>>>>>

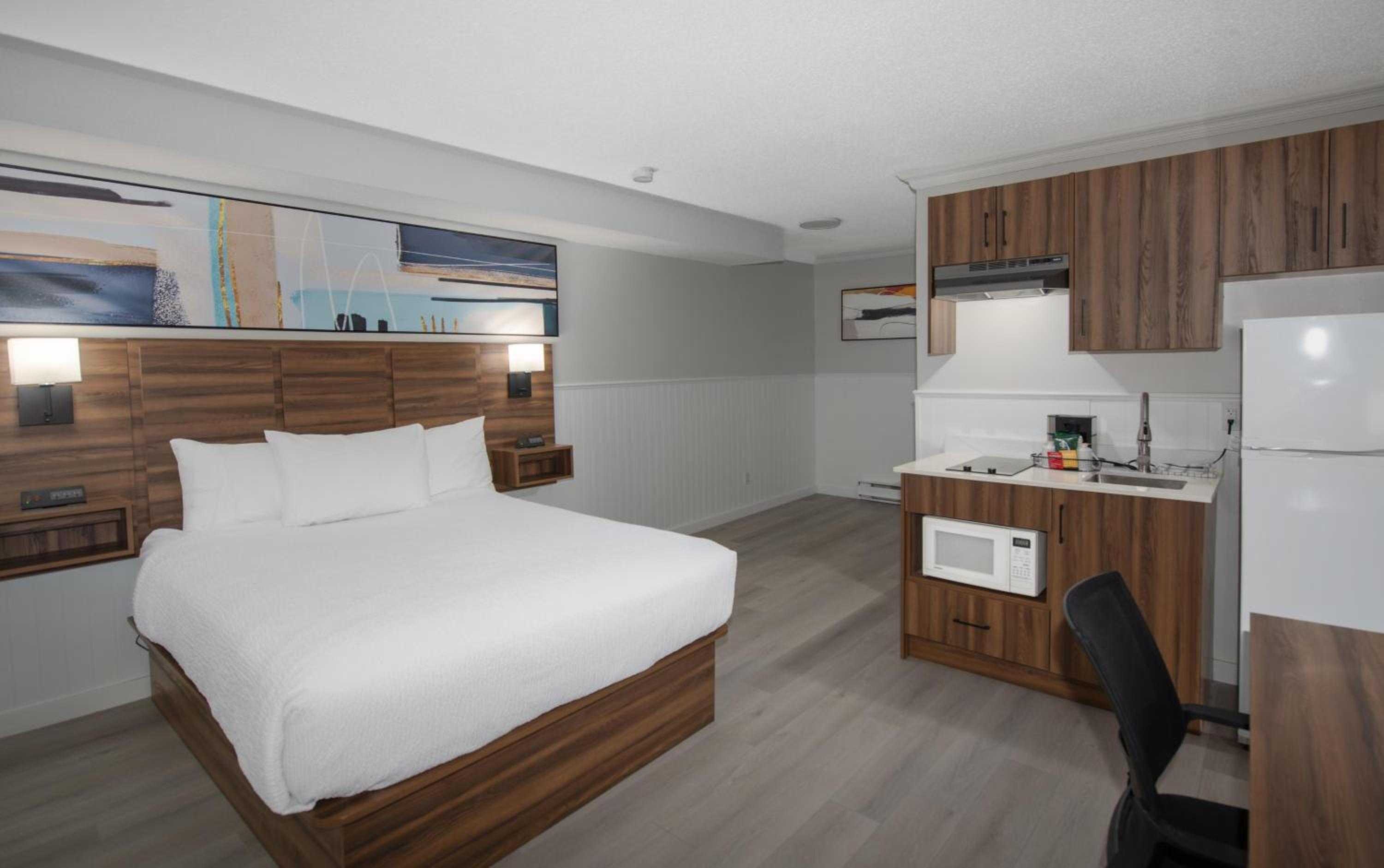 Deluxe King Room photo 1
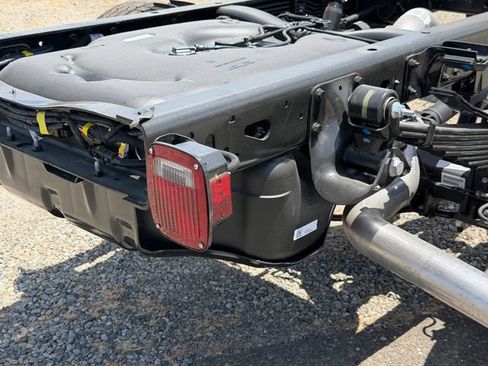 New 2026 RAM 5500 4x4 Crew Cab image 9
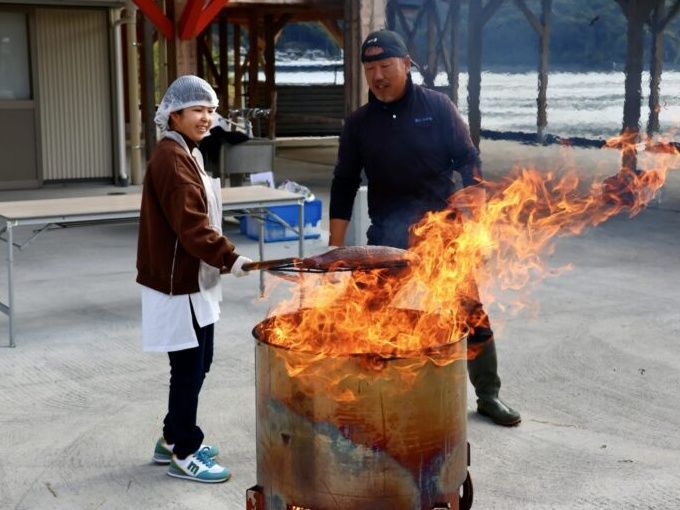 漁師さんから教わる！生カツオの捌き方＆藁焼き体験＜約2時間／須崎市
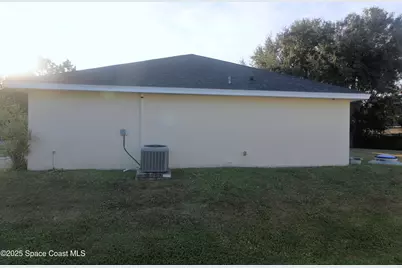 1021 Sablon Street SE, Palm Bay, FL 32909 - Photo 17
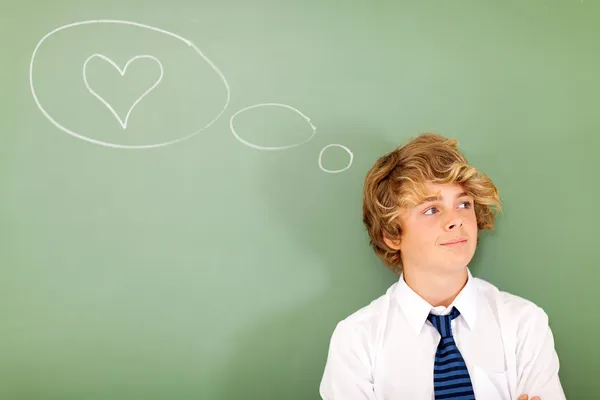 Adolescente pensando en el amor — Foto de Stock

<<<<<

• _WHAT YOU SHOULD DO_: Produce an exact copy of the lines from the line containing "1021 Sablon Street" through the last line of the records, with no pictures and no other text.

• _SOLVED PROBLEM_:
 1021 Sablon Street SE, Palm Bay, FL 32909 - Photo 17
 Adolescente pensando en el amor — Foto de Stock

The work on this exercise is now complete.